幼女戦記Tuez-les tous, Dieu reconnaitra les siens

作者:カルロ・ゼン

あの時代を、一人の政治家は以下のように評したという。

“戦争から煌きと魔術的な美がついに奪い取られてしまった。
将軍や、英雄が兵士たちと危険を分かち合いながら馬で戦場を駆け巡り、帝国の運命を決する。
そんなことはもう無くなった。
これからの英雄は安全で静かで物憂い事務室にいて書記官たちにとり囲まれて座る。
一方何千という兵士たちが電話一本で機械の力によって殺され、息の根を止められる。
これから先に起こる戦争は女性や子供や一般市民全体を殺すことになるだろう。
やがてそれぞれの国には、大規模で限界の無い一度発動されたら制御不可能となるような破壊のためのシステムを生み出すことになる。
人類は初めて自分たちを絶滅させることができる道具を手に入れた。

これこそが人類の栄光と苦労の全てが最後に到達した運命である。”

 勘違い系、TS転生の末期戦戦記物。タイトルに反して萌えてきな要素は薄め。

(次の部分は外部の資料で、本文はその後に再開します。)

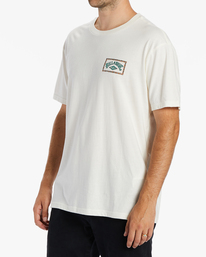 1 A/Div Arch Short Sleeve T-Shirt  ABYZT01615 Billabong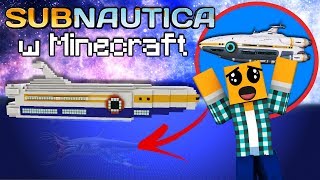 Mapy od Widzów #342 -  "Subnautica w Minecraft, zaczynamy 3 sezon!"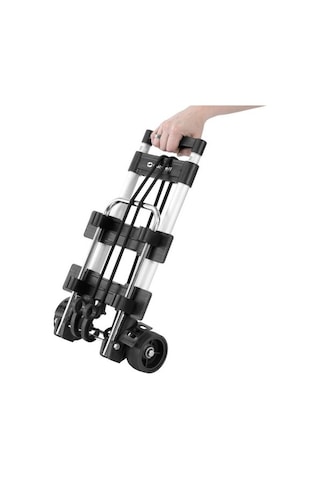 Outwell Balos Telescopic Transporter Gri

局地戦で次々と勝利を上げていくのに、戦略的に敗北が続きじわじわと追い詰められていきつつも、最後まで勝ち続けていく主人公が素敵。

アニメ化も書籍化もしているので知っている人も多いと思うけれど、私はそうした媒体違いのものの中でArcadiaに投稿されたオリジナル版は二番目に好きだ。一番テンポが良く、読んでいて楽しい。書籍版も物語に厚みがでていてそれは良いのだけれども、なかなか終末に至らないのが難点。

 ちなみに一番気に入っているのは漫画版だ。なんだあの可愛い生き物は。